Gather each line of the records where "around" appears.
== DATASET ==
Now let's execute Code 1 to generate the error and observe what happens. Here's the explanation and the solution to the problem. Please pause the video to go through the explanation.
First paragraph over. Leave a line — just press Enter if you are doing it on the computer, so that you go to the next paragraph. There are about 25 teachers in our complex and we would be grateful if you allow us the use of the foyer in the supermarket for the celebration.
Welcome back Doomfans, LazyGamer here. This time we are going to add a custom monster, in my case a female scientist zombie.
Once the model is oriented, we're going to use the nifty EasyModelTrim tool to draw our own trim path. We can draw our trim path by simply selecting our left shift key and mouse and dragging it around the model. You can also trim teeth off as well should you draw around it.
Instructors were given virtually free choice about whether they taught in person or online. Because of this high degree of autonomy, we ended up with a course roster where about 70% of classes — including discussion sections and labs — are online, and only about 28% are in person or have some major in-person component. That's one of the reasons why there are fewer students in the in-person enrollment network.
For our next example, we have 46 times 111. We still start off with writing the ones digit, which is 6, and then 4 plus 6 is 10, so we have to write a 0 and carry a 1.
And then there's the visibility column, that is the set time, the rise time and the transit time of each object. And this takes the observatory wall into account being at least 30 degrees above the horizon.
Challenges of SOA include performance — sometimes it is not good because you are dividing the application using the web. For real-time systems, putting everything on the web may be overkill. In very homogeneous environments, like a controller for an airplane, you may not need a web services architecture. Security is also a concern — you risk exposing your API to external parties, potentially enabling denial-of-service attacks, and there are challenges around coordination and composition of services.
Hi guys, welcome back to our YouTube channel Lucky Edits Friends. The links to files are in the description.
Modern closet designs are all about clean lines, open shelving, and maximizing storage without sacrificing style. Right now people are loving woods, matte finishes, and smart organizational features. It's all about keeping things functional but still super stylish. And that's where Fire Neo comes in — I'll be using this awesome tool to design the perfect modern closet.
===
RESULT OF THE TASK:
Once the model is oriented, we're going to use the nifty EasyModelTrim tool to draw our own trim path. We can draw our trim path by simply selecting our left shift key and mouse and dragging it around the model. You can also trim teeth off as well should you draw around it.
Challenges of SOA include performance — sometimes it is not good because you are dividing the application using the web. For real-time systems, putting everything on the web may be overkill. In very homogeneous environments, like a controller for an airplane, you may not need a web services architecture. Security is also a concern — you risk exposing your API to external parties, potentially enabling denial-of-service attacks, and there are challenges around coordination and composition of services.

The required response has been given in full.